Of course, the sophisticated imaginative abilities that are said to go into scientific discovery, or the production of works of art, even minor ones, are a long way from mundane capacities for seeing squiggles as ducks, weasels in clouds, or smiles on dolls' faces. However, if, as I have argued, a picture theory of imagery cannot explain even the latter, mundane, cases, what hope has it of illuminating the former?

5 Conclusion

In his seminal work on Romanticism, Abrams (1953) argues that a distinctive attitude to perception lies at the philosophical core of the movement. Whereas their 18th century predecessors regarded consciousness as a mirror, passively receiving the images projected into it from the outside world (Rorty, 1980), the Romantics saw it like a lamp, throwing its beams outward to illuminate the world and to constitute experience. Clearly, within these broad metaphorical terms, the information processing approach to perception, from which both pictorial and description theories of imagery derive, is a mirror theory--perceptual data flows inward to a passive, receptive consciousness--whereas PA theory and associated approaches to perception, where conscious experience arises rather from the activity of a mind reaching out into the world, fall under the lamp metaphor. Unsurprisingly, then, PA theory does a much better job of accounting for the imagination as the Romantics conceived it. They bequeathed us a concept of imagination as a faculty of mental imagery that is non-discursive and responsible for the most profound creative insights. Description theory treats all mental processes as discursive through and through, and quasi-pictorial theory does not seem to help us towards a true understanding of creativity.

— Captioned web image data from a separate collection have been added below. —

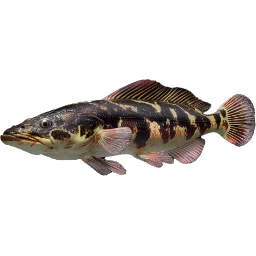 Snakefish
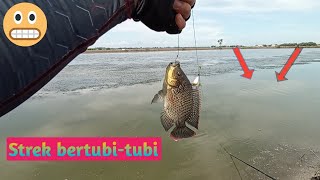 STREK BERTUBI-TUBI || CUKUP BUAT MAKAN SEMINGGU || MANCING MUJAER TAMBAK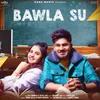 About Bawla Su Song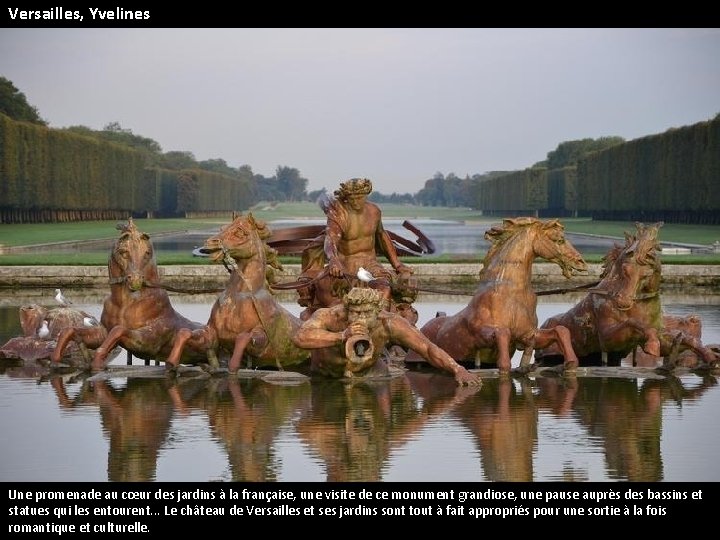 Versailles, Yvelines Une promenade au cœur des jardins à la française, une visite de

I have suggested that the understanding of creative imagination might be approached through the investigation of our capacity for seeing as, but picture theory has nothing to offer us here. If it were the correct approach to imagery, it would require supplementation by a quite separate theory of seeing as, of categorical perception, (presumably to be carried out by Kosslyn's "mind's eye function"). There would be no fundamental connection between image formation and seeing as, and, therefore, no particular connection between imagery and imagination!

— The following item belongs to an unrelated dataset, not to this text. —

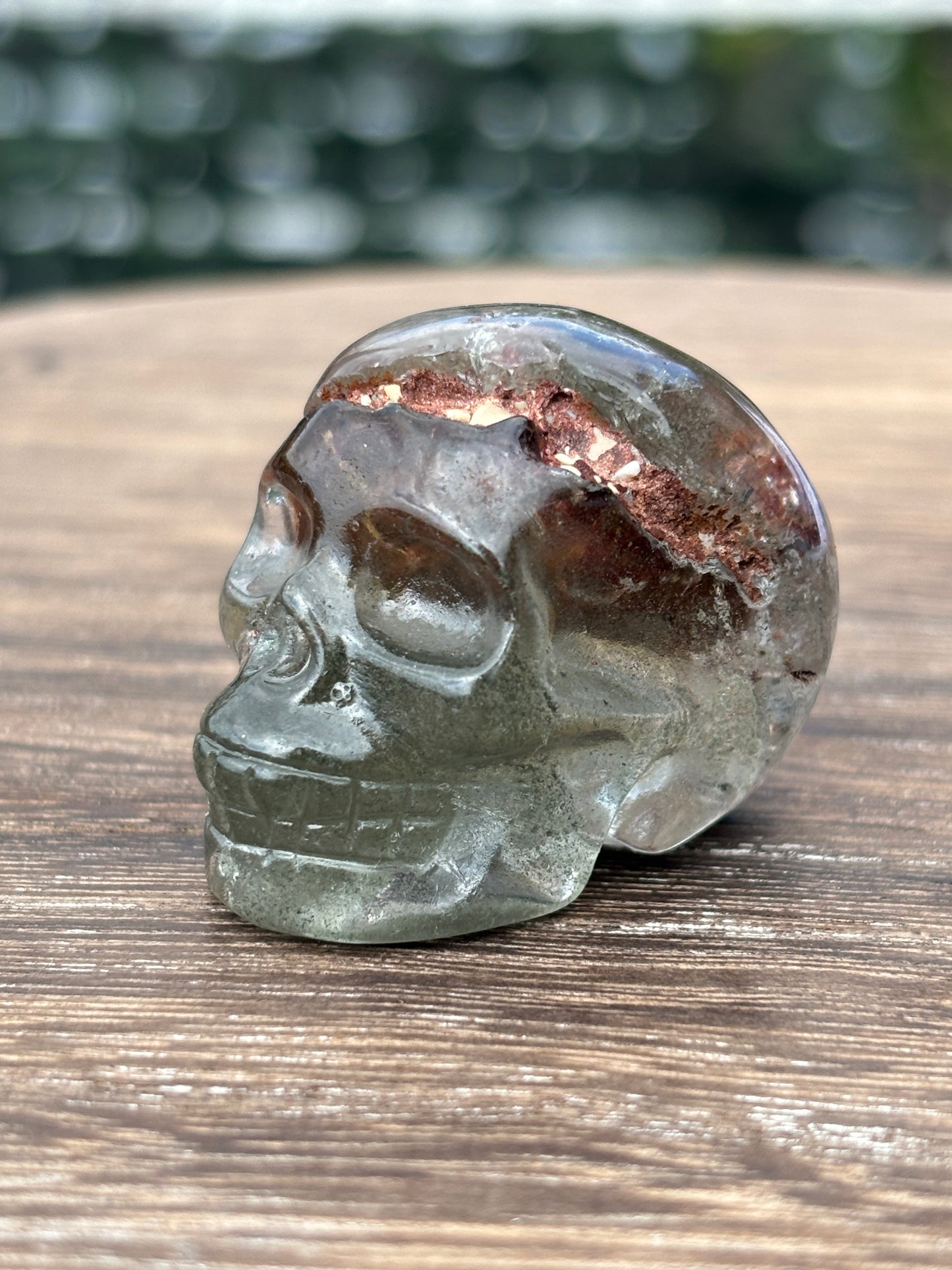 Skulls - various materials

Perceptual activity theory accounts for imagery and seeing as via a common mechanism, but without assimilating imagery to discursive thought. Thus, if correct, it might allow us to do full scientific justice to the concept of imagination in its culturally most significant form. For historically contingent reasons, PA theory remains theoretically underdeveloped and empirically untried, but its better known rivals still face unresolved empirical problems themselves. It deserves more attention.